Election 2010: New Hampshire Senate
New Hampshire Senate: Ayotte (R) 51%, Hodes (D) 38%
Monday, August 09, 2010
Former state Attorney General Kelly Ayotte continues to hold a double-digit lead over Democratic Congressman Paul Hodes in the race for U.S. Senate in New Hampshire.
The latest Rasmussen Reports telephone survey of Likely Voters in the Granite State shows Ayotte, a Republican, earning 51% support, her best showing to date, while Hodes picks up 38% of the vote. Four percent (4%) like some other candidate in the race, and six percent (6%) are undecided
A month ago, Ayotte posted a similar 49% to 37% lead over Hodes. In five previous surveys stretching back to February, Hodes’ support has remained in the narrow range of 35% to 39%, while Ayotte has captured 46% to 50% of the vote.
Ayotte’s GOP Primary challenger, businessman Bill Binnie, also remains ahead of Hodes but by a narrower 46% to 40% margin. Eight percent (8%) favor another candidate, and seven percent (7%) are undecided.
Prior to the latest survey, Ayotte and Binnie, who has poured millions of his own money into extensive television advertising, have been running neck-and-neck. But over the past month, Ayotte has been endorsed by former Alaska Governor Sarah Palin, and Binnie has been put on the defensive about his conservative credentials. New Hampshire Republicans will pick their Senate nominee from a seven-person field in a September 14 primary. Hodes is unchallenged for the Democratic nomination.
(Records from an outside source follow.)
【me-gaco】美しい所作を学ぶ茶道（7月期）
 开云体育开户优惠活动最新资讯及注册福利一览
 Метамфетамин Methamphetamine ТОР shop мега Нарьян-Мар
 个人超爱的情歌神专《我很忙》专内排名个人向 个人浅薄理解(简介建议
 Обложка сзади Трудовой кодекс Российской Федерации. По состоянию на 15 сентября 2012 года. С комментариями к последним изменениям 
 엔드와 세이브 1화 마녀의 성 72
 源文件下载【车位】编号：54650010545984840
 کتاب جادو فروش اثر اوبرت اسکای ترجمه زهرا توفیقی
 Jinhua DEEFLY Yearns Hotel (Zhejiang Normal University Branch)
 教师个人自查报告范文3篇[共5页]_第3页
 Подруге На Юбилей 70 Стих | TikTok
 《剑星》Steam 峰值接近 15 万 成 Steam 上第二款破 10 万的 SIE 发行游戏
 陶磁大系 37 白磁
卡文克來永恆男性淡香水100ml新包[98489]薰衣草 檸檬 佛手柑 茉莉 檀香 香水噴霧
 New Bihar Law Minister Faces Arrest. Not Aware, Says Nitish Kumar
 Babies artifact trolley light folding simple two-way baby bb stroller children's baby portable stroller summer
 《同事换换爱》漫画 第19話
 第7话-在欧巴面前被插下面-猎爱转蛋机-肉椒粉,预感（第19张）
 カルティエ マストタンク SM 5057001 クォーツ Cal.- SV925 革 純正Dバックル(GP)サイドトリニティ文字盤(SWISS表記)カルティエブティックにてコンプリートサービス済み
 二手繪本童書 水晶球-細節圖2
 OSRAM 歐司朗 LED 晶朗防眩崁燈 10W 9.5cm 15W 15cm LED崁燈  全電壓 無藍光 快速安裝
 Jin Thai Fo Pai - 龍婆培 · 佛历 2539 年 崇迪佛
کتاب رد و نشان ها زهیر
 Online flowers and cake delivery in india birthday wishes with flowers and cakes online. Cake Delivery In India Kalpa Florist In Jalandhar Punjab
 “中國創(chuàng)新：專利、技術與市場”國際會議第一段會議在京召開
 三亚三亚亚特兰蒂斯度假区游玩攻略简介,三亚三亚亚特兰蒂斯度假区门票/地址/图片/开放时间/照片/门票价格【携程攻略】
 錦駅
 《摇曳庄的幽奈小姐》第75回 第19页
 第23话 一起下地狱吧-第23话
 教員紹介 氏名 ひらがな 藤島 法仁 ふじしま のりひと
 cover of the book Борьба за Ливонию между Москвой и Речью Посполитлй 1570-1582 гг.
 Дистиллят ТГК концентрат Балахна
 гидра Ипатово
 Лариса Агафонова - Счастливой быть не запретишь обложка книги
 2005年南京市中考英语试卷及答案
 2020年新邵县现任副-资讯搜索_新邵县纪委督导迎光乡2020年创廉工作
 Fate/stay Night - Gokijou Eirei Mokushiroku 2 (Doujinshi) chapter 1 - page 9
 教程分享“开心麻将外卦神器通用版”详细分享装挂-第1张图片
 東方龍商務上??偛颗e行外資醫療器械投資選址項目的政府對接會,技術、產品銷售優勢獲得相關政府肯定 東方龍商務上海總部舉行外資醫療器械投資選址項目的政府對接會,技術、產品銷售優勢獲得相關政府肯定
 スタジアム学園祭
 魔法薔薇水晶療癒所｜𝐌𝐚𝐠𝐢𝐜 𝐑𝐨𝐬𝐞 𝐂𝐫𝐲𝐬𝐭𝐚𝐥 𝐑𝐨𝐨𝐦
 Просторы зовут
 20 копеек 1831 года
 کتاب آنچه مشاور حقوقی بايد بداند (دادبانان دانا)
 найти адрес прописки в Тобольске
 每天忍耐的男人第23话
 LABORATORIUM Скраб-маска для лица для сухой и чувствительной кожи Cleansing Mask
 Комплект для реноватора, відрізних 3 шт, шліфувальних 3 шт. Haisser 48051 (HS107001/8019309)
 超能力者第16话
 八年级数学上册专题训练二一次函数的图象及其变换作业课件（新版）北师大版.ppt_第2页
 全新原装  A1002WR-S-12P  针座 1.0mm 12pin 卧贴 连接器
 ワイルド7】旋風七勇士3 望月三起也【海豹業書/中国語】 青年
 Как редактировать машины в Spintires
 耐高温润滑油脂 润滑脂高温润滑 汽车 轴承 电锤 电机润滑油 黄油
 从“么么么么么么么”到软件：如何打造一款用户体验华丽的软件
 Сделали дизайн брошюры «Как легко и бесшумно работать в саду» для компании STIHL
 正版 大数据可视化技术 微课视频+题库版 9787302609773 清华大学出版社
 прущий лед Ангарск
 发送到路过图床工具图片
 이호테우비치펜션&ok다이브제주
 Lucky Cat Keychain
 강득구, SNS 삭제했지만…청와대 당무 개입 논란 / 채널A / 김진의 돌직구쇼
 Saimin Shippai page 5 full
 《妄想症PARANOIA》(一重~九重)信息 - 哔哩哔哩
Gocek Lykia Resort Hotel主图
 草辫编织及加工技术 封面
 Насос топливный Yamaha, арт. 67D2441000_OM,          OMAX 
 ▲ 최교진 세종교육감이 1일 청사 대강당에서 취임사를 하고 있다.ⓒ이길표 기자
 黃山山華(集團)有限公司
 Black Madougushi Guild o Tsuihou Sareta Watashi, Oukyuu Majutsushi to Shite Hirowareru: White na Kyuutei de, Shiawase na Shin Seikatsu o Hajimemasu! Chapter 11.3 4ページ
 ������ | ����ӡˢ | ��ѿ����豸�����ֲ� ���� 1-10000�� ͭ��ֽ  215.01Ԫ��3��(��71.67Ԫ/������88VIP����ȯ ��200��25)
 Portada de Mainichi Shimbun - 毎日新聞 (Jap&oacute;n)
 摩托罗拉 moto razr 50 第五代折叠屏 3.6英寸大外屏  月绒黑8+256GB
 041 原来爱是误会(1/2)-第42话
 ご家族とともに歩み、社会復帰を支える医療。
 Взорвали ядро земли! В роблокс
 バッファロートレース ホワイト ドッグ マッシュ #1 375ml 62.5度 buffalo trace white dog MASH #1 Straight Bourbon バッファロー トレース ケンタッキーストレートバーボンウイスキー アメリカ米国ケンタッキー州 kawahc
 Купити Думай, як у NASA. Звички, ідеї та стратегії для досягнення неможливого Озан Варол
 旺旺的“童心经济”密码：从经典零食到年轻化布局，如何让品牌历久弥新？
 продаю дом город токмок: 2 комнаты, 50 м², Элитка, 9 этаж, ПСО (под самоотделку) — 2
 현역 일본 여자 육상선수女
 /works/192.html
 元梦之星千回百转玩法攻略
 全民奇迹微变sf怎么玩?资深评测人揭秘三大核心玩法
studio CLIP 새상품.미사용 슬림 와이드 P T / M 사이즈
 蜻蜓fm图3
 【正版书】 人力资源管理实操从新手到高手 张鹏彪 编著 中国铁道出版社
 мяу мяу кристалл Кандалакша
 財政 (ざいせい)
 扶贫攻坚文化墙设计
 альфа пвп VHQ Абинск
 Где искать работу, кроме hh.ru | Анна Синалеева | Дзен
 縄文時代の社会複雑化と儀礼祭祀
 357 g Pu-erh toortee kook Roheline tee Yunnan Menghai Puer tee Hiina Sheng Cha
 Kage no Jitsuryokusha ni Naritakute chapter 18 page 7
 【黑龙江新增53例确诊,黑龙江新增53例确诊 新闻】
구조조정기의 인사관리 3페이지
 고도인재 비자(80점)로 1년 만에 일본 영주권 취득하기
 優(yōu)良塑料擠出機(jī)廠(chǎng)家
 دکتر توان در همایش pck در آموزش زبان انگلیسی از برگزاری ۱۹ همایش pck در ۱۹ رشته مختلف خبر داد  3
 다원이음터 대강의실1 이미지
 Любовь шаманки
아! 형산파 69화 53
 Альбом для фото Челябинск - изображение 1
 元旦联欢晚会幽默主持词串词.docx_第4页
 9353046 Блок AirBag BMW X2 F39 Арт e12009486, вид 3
The candidates are running for the seat now held by retiring GOP Senator Judd Gregg. New Hampshire is rated Leans GOP in the Rasmussen Reports Election 2010 Senate Balance of Power rankings.
This statewide telephone survey of 500 Likely Voters in New Hampshire was conducted on August 5, 2010 by Rasmussen Reports. The margin of sampling error is +/-4.5 percentage points with a 95% level of confidence. Field work for all Rasmussen Reports surveys is conducted by Pulse Opinion Research, LLC. See methodology.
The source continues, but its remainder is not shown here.